That said, I find it is more direct and more hostile in nature in France than it is in North America. Here, if you are racist or discriminatory, you keep it to yourself and hide or mask it. In France, they’ll openly embrace being racist in some parts, which causes a lot of friction / tension especially if you consider that they even have political parties that embrace such racism or nationalism in France (Nazi party growing in popularity and hostility against Muslims, anyone?).

Also, in France you will more likely be turned down for a job if you are a person of colour than in North America, even if everything else is perfect. You will also be put aside for someone who is more French than you, even if you are white, and this is easily discerned by your name even if you look white.

I know this is hard to believe because women are still not paid equal wages and we still experience workplace discrimination but in France this is an accepted workplace hidden fact, that if you are black for instance, you will find it very hard to get a good job there. We have friends who had to leave even having gone to the best schools in France (L’École Polytechnqiue).

We have a black friend who moved from France because of this bullsh*t, as he couldn’t ever seem to climb the ranks due to his colour (but they told him it was for other reasons, of course).


As it is in all countries, there is discrimination in the workplace by gender, people of colour and even age.

In France however, if you don’t speak French perfectly with zero faults and their perfect accent, you will never find a good job to work at. They are extremely proud of their language and will not hesitate to correct or make fun of you for not speaking it perfectly. It is a game to them to find the person who screws up the language and humiliate them.

This is not the case in North America. We are just happy you speak English and we can understand you!! My partner very much enjoys this attitude towards language because when he first arrived, he had a serious hang-up about his English (he still does).

I tell him even to this day that his English is PERFECT and he frowns at me and says: No eet ees not perfect. Eet weel nevair be perfect.

Le sigh.

So you can imagine that even if I were living in France, I wouldn’t be able to work or find a job there due to my French, not to mention the fact that even if you ARE French and speak the language perfectly, if you don’t have a French diploma / degree (you took one abroad), they are not excited about hiring you because they don’t know the rank / status of the school you attended in comparison to their French schools.

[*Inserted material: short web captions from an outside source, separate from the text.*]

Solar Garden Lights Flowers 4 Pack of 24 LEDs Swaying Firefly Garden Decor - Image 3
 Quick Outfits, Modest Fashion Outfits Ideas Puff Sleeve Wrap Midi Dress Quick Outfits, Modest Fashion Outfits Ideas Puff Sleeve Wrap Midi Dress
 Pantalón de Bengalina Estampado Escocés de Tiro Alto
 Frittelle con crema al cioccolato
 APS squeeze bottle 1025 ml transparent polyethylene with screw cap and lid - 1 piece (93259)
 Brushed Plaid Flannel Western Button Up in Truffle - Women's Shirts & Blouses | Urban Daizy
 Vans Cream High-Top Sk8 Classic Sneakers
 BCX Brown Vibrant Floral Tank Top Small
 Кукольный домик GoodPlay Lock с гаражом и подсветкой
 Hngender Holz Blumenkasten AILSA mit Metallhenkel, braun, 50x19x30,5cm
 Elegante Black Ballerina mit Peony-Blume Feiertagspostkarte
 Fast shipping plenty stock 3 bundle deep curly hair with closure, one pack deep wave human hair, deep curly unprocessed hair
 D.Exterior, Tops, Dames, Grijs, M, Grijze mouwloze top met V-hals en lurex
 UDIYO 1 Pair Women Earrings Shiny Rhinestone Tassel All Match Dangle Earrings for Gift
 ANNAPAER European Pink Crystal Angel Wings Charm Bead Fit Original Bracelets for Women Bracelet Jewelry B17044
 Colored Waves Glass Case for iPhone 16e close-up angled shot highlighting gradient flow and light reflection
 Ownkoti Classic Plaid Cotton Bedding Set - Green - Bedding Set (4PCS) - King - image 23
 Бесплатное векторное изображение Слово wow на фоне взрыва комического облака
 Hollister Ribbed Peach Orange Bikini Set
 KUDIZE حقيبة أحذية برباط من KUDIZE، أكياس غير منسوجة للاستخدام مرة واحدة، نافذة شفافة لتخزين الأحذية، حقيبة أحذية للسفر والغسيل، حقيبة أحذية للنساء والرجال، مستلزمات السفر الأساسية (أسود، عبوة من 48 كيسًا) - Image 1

In the U.S., I did notice that if you are not American you are not one of “them” and they kind of treat you like a slave knowing your visa situation. I wrote a bit about that here when I moved back to Canada. This is not indicative of all Americans for the most part but it was my impression when I worked there. I felt uncomfortable at times for being Canadian and therefore Not-American.

Maybe it was just in my head, but…. other foreigners have told me the same.


They take their vacations and lunches very seriously in France. Do not mess with them.

This also happens in Canada, but not to the level I saw in the U.S.

In contrast, Canada is slightly more relaxed, and even MORE relaxed in Quebec (the European touch flares up again!), but France takes the cake on this one, with 5 weeks of vacation.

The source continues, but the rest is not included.